TEC21: Wo ist der Bezug zur ETH Zürich und zur Schweiz in Ihrer Arbeit spürbar?

summacumfemmer: An der ETH haben wir gelernt, wie man den Dingen auf den Grund geht. Wie man von der Oberfläche zum Kern vordringt. Formal, aber auch strategisch. Das hat uns beide am meisten interessiert. Das Bauen in Deutschland funktioniert anders als in der Schweiz, klar. Und das Bauen in der Schweiz funktioniert auch anders als in Belgien oder Grossbritannien, wo wir ebenfalls an Projekten gearbeitet haben. Wir möchten herausfinden, was in Deutschland möglich ist. Bautechnisch, aber auch gesellschaftlich. Wir wissen es natürlich noch nicht. Die Schweiz ist dabei oft ein Vorbild. Aber die Strategien, Ideen und Bilder müssen transformiert werden, damit sie in Deutschland möglich sind. Diese Arbeit finden wir spannend, denn sie treibt uns an, die Dinge wirklich zu verstehen. 

TEC21: Was sind aktuelle Inspirationen Ihrer Arbeit?
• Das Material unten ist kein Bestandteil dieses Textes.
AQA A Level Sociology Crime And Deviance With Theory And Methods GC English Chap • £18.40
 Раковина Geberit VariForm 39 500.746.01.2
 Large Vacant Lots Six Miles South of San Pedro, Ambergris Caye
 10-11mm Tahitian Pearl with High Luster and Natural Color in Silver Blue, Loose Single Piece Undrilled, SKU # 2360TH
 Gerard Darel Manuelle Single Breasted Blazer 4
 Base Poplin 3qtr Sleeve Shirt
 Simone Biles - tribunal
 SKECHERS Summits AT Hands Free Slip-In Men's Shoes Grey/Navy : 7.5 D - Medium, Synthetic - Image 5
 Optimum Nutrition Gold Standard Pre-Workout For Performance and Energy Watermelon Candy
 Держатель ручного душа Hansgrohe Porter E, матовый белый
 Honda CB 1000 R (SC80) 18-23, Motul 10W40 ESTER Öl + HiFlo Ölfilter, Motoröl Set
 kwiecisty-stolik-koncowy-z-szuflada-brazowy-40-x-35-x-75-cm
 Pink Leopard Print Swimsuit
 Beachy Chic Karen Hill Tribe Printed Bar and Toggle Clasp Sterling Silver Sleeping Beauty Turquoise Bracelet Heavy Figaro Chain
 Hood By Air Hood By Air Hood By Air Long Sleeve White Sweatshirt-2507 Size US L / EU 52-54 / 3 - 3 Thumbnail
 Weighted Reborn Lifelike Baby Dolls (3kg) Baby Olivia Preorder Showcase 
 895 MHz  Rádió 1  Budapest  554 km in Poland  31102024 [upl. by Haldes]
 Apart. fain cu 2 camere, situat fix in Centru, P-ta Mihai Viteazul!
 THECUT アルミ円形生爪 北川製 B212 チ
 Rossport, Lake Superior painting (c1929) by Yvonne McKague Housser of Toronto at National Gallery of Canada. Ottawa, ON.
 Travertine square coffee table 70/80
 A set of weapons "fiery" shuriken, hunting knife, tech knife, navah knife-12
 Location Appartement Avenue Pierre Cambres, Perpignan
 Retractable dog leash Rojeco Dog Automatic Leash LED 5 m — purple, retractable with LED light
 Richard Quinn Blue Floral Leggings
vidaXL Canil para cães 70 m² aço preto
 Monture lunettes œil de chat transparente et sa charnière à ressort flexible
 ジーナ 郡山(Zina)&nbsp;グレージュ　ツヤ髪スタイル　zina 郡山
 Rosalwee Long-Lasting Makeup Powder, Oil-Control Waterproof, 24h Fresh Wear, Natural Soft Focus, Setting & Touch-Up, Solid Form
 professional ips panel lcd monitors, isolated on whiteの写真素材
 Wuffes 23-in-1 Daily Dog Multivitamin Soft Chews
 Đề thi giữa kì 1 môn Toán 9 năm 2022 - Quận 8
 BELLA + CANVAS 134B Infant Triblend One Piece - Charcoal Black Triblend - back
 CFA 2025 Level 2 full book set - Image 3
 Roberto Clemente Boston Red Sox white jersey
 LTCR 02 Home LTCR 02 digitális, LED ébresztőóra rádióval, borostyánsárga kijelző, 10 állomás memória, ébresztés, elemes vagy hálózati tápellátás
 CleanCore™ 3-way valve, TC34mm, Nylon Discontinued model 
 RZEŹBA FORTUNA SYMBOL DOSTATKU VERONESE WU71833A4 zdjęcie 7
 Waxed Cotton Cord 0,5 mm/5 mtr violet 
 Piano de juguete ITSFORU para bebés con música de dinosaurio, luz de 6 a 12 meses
summacumfemmer: Eine schwierige Frage – darüber könnten wir uns sicherlich einen ganzen Tag unterhalten! Bauen ist für uns eine sehr politische Angelegenheit. Architektur ist für uns nicht so autonom, wie sie oft beschrieben wird. Wer baut, setzt immer ein politisches Zeichen: So wird gewohnt, gearbeitet, gelebt. Wir werden automatisch aufgefordert, uns zu positionieren. Es macht uns Spass, dass unsere Disziplin so universell ist und zu vielen gesellschaftlichen Bereichen Aussagen abverlangt. Darin liegt wohl die Herausforderung.

In unserer Online-Serie «Debüt» präsentieren wir die Werke junger Architekturbüros. Dieser Beitrag  ist Teil einer Reihe, die den Schwerpunkt auf Architektinnen und Architekten mit Bezug zur Schweiz setzt, die ihr Büro in Deutschland gründeten.